Although each state protects its own private property by its national laws, the properties of alien investor could not be guaranteed sufficiently only under the name of domestic law of the host country. In 1868, the Argentine jurist Carlos Calvo presented a new view of point, which expressed that foreigners have to assert their rights in front of domestic courts and have no right of diplomatic protection or to international tribunals. On the other hand, the main perspective of Calvo is that the situation of reduction of protection of property should come up to both of alien and nationals at the same time.
In the modern world, the Calvo doctrine was adopted by some Latin American countries in the way of establishing law and constitutions. This, form some point, reflects the tendency of the minimum standard of treatment for foreign investors in the legal frame of these countries. In these Latin American countries, the Calvo Doctrine really plays an important role in their frame when they sign the treaties about foreign investment. It contains the performance of languages and principles that notably stands behind the Calvo doctrine.
After the nationalization of US interests in Mexican agrarian and oil business by Mexico, in 1938, Cordell Hull, who is a US Secretary of State, wrote a famous letters about allowing expropriation of alien property, but requiring ‘prompt, adequate and effective compensation’. It has affected the following decades on the matters of expropriation in international investment projects.
Naturally, the Hull formulation and Calvo doctrine became an indispensable meaning of international minimum standard in the following years. Though, gradually, the differences between Calvo doctrine and Hull formulation are becoming more and more explicit, in 1962, GA Resolution 1803 stated that, in the case of expropriation, as a compromise between Calvo doctrine and Hull formulation, ‘appropriate compensation’ must be compensated when one state nationalize the properties of a foreigner.

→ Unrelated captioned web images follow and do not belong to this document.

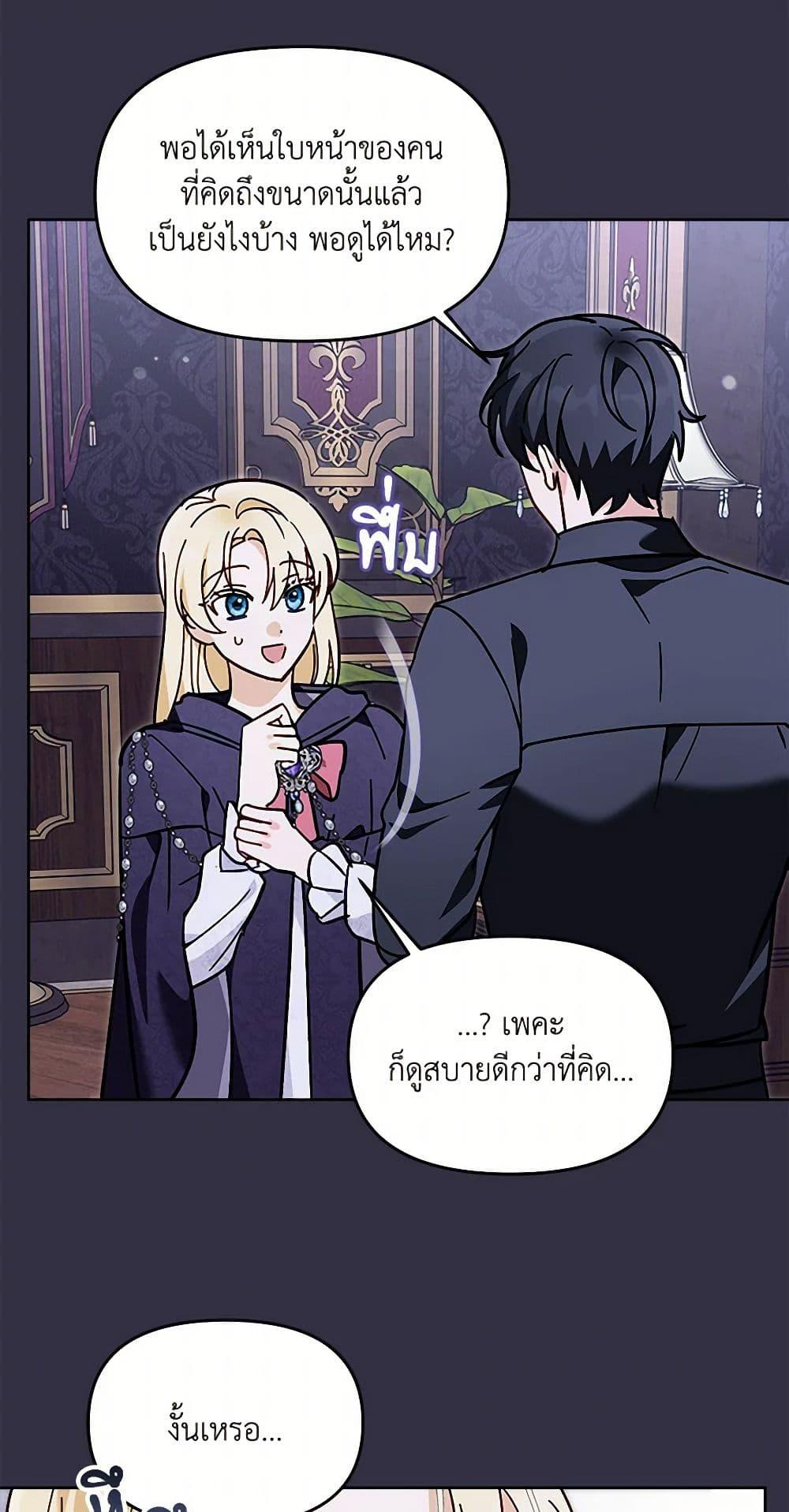 I’d Rather Abandon You Than Be Abandoned ตอนที่ 27 12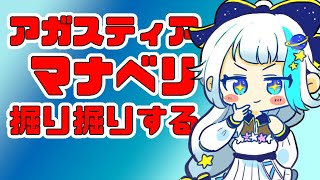 【グラブル】アガスティアのマナベリを掘ろう【Vtuber/小宙るる】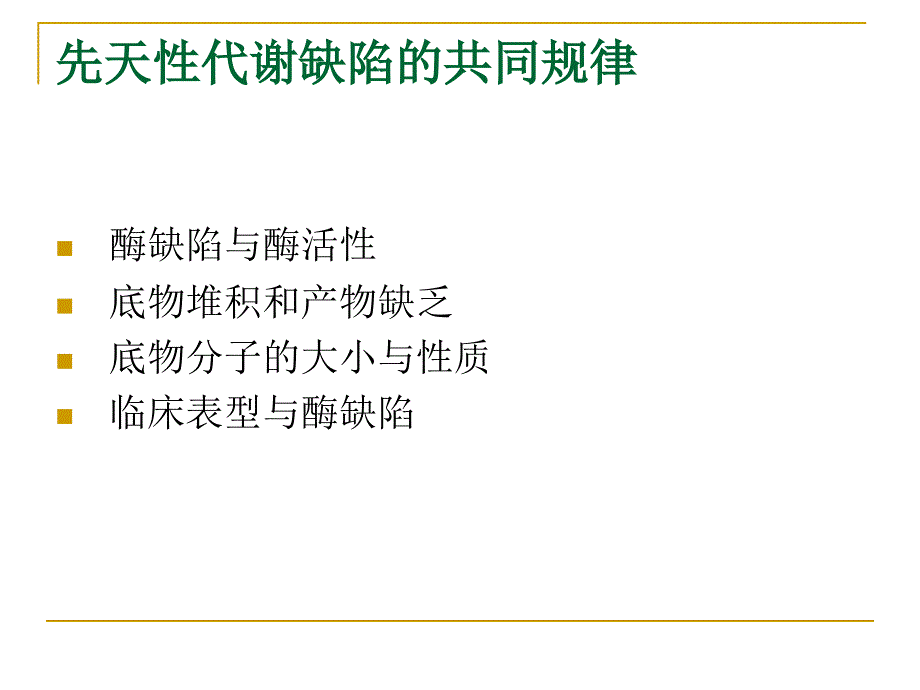 11单基因遗传病二_第4页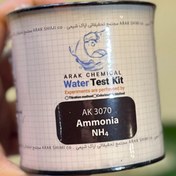 تصویر کیت تست آمونیاک اراک شیمی 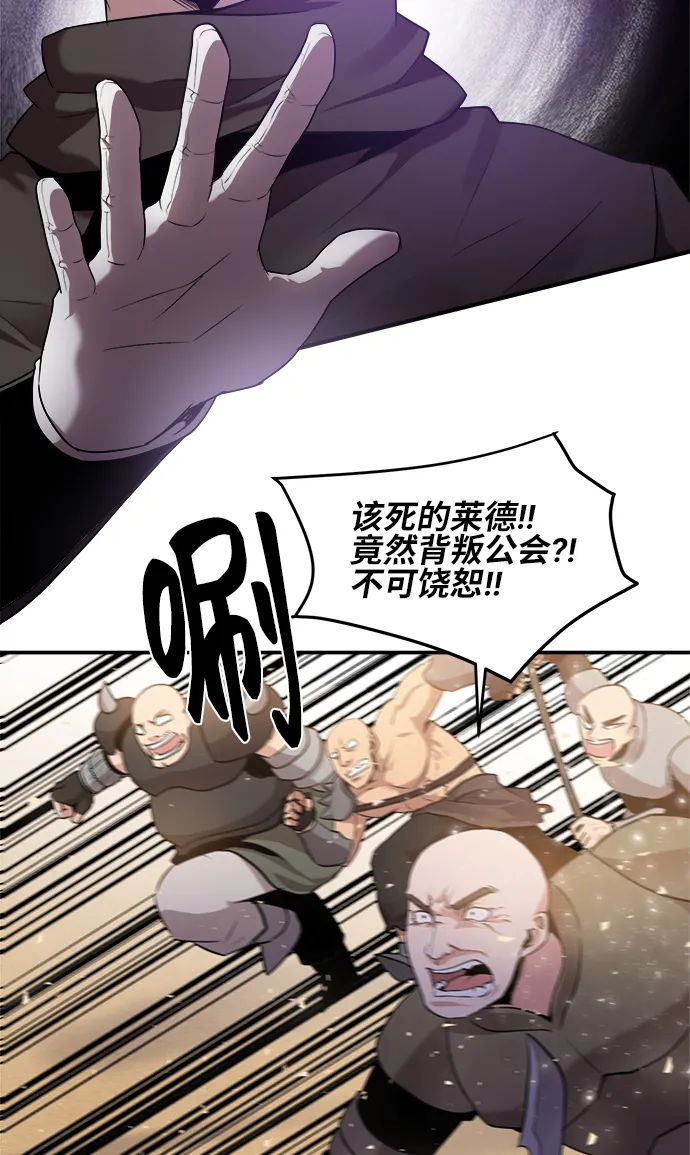 第31话 第34页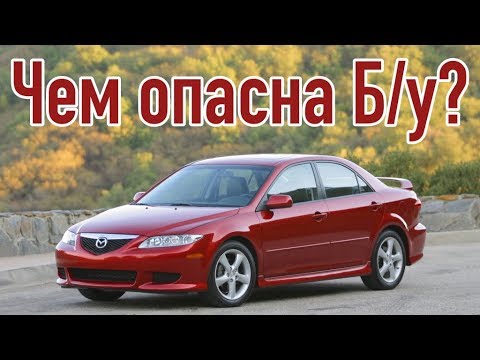 Видео: Mazda 6 GG проблемы | Надежность Мазда 6 с пробегом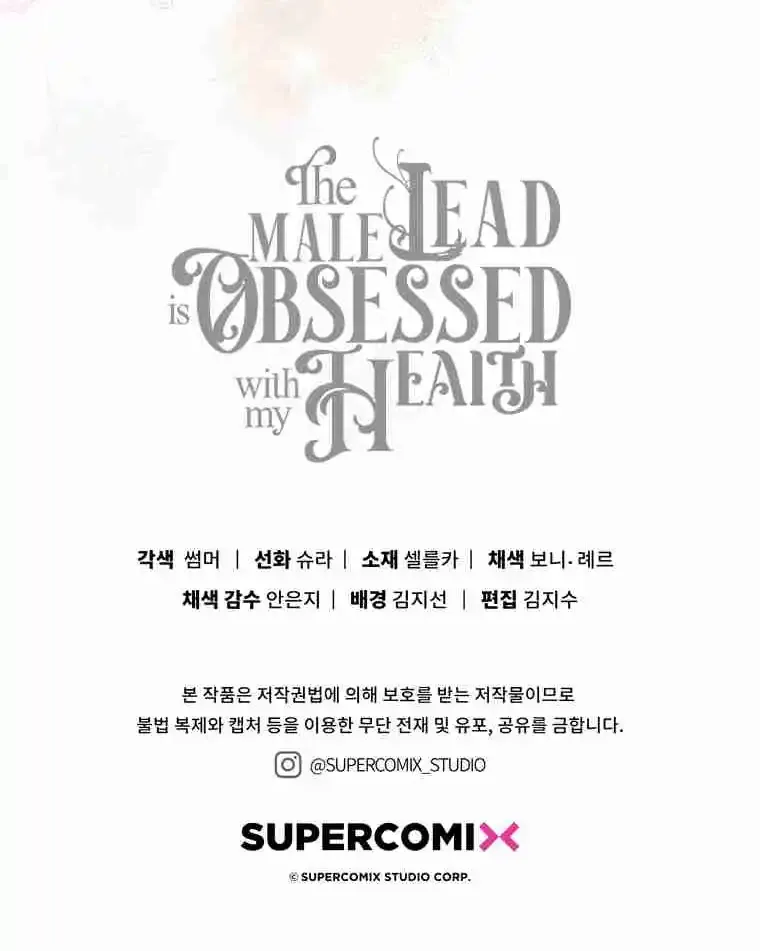 Read The Male Lead Is Obsessed With My Health EN Manga Online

Frome what has been represented above, it can be clearly seen that Calvo Doctrine and Hull formulation both give a direct for countries, who want to co-operate an investment project with the host country, that once the project has to be expropriated, the appropriate compensation must be paid to the project holder, by other means the foreign investor.

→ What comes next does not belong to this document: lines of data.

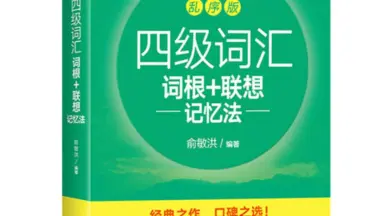 雅思词汇词根+联想记忆法(加强版): 匿名: 9787572232961: Amazon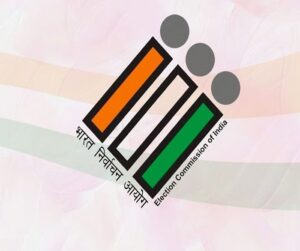 हरियाणा में विशेष गहन पुनरीक्षण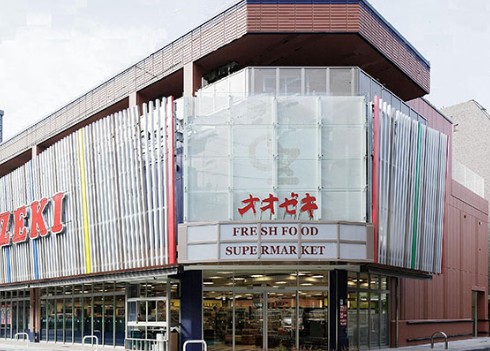 スーパー　スーパーオオゼキ菊川店（スーパー）まで304m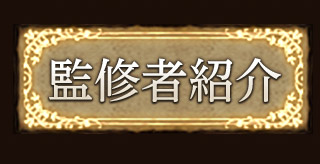 監修者紹介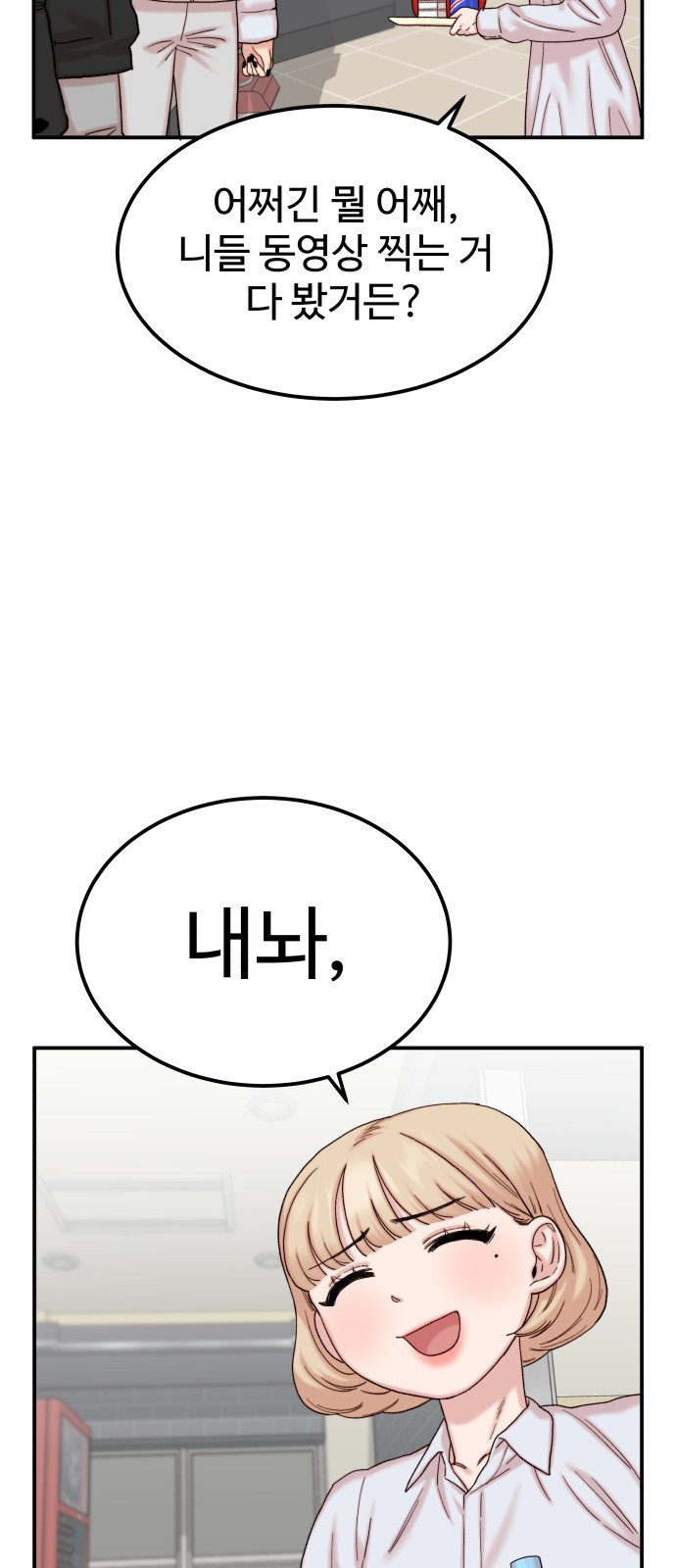 1685748900_65581685648123.jpg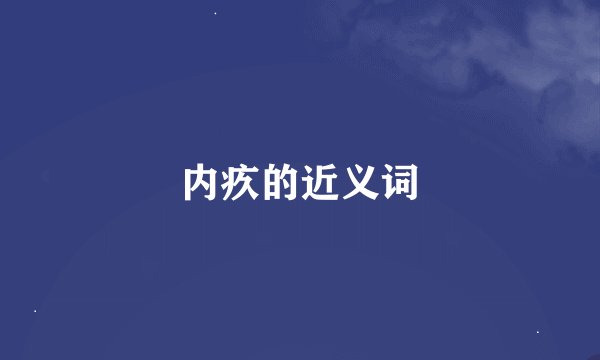 内疚的近义词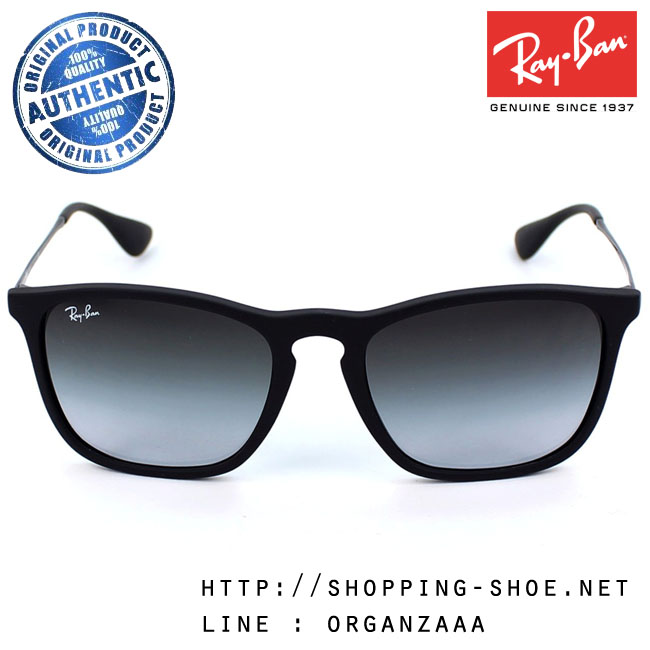RayBan - RB4187 622/8G Chris Grey Gradient, 54 mm.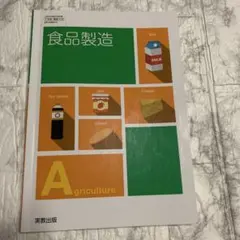 Item thumbnail for item 61373b04-b296-43a1-963b-46b3850e48ea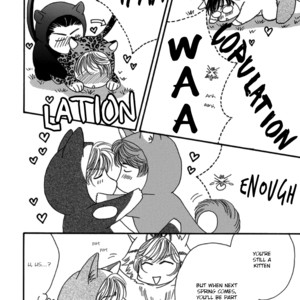 [FUWA Shinri] Yebisu Celebrities – Kuge x Masunaga Ver. [Eng] – Gay Comics image 200.jpg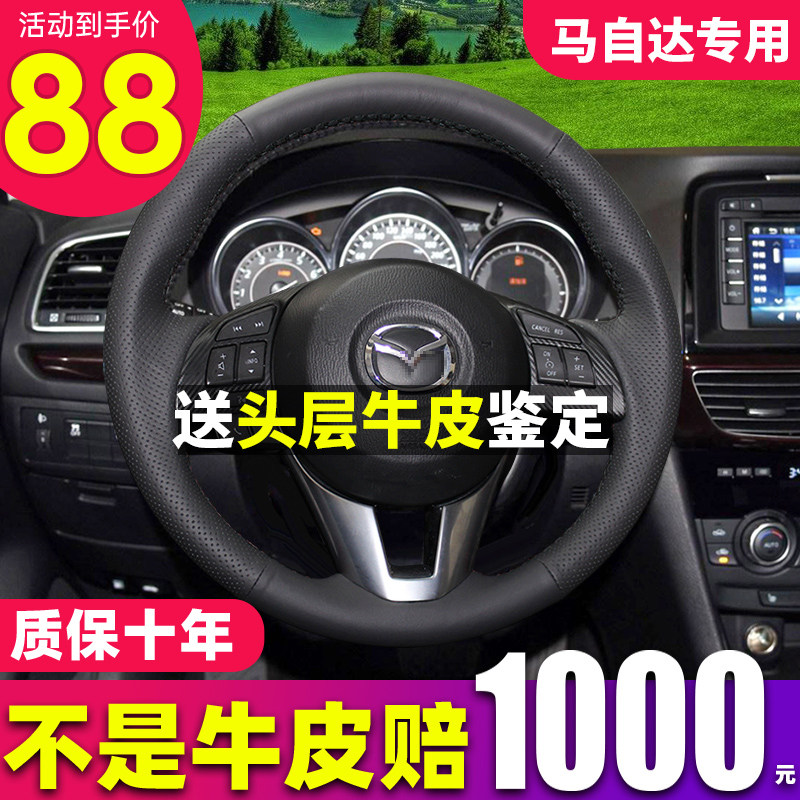 热销马自达3方向盘套真皮手缝昂克赛拉CX4阿特兹CX5睿翼CX30星骋6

International Minimum Standard As Supplement Impact
The guidance function is often used as a direct to making treaties, but supplement is another vital function of customary international law. It adjusts the relationship between countries, when dispute comes up, by the way of explaining the Article or the problem not stated in the treaties. The typical example is the role it plays of solving the problem of expropriation.

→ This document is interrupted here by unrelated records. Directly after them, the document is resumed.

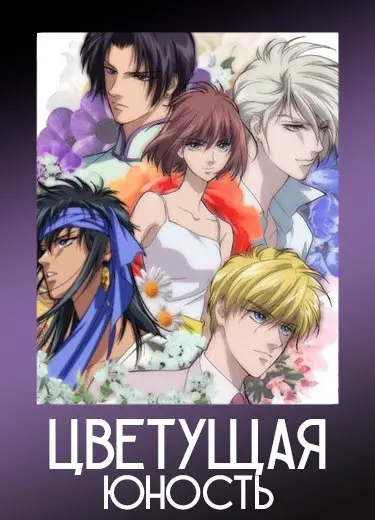 Цветущая юность
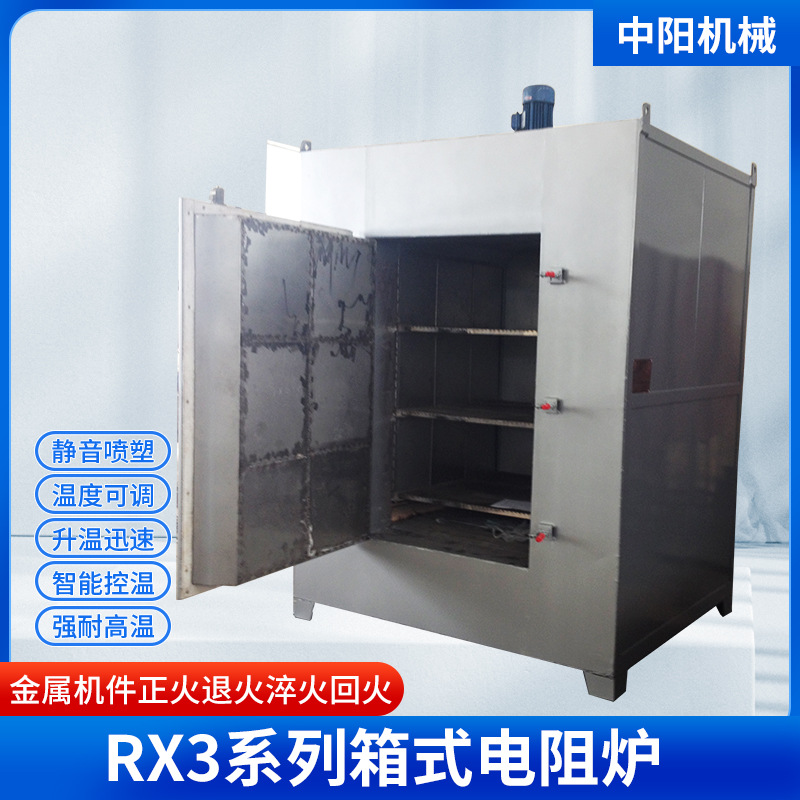 宜兴中阳机械厂家供应热处理电阻炉 箱式炉 时效炉 冶金化工陶瓷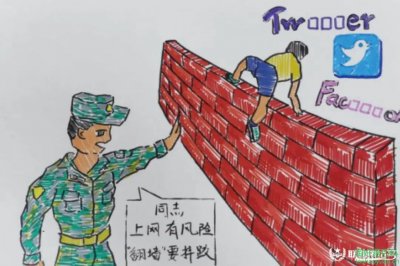 ​为什么中国不能浏览外网(为什么中国不能访问外网)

The concept of expropriation is widely accepted as the most severe form of interference with property. In case of this happens, so far as to without any adequate compensation followed, the properties of the alien in essence have totally been violated. If this occasional situation is not mentioned or not mentioned sufficiently in the treaties, customary international law now should play an important role in solving the problem or explaining the articles.
Case: Azurix Corp. V. The Argentine Republic
Azurix made an application for arbitration against the Republic of Argentina to the ICSID, aimed at asking for compensation from Argentina for its suffering made by the state. Azurix holds the idea that Argentina violated the 1991 Investment Treaty between United States of America and Argentina (BIT).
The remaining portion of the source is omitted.